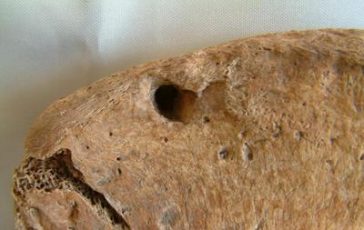 featured 2177494 364x230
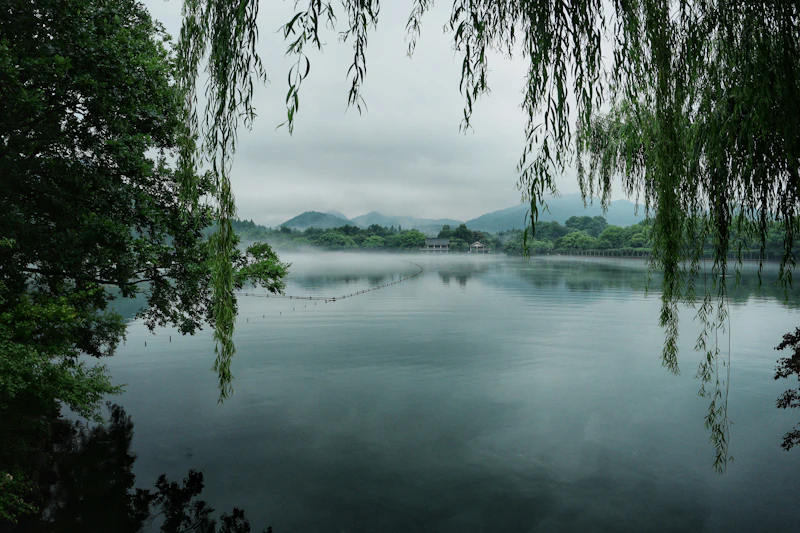 Mist over a tranquil lake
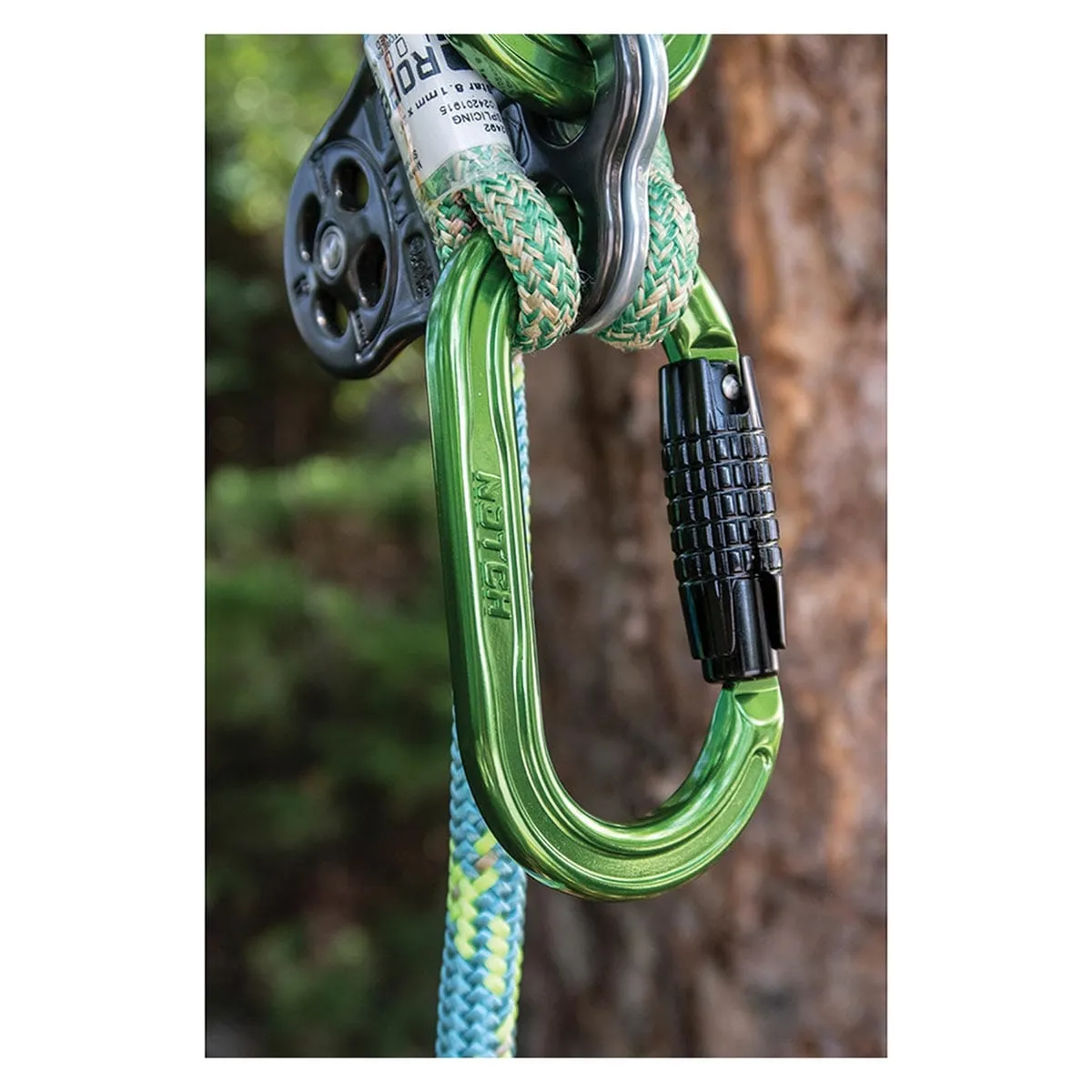 Notch Absolute Oval Alum Carabiner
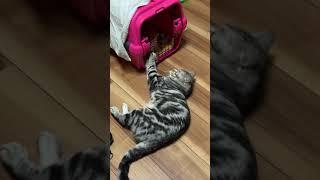 キャリー越しに対面する先住ネコと新人ネコ(子猫)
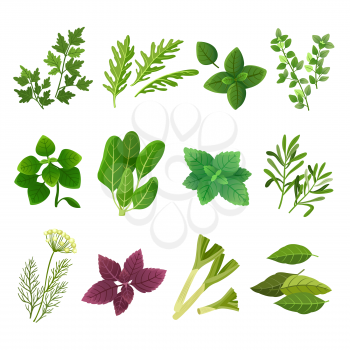Herbs and spices. Oregano green basil mint spinach coriander parsley dill and thyme. Aromatic food herb and spice vector isolated set. Illustration of basil and rosemary, green mint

What to produce
In repeating the lines above, keep the wording exact and leave every picture out.

Solution for this problem
 featured 2177494 364x230
 Mist over a tranquil lake
 Notch Absolute Oval Alum Carabiner
 キャリー越しに対面する先住ネコと新人ネコ(子猫)
Herbs and spices. Oregano green basil mint spinach coriander parsley dill and thyme. Aromatic food herb and spice vector isolated set. Illustration of basil and rosemary, green mint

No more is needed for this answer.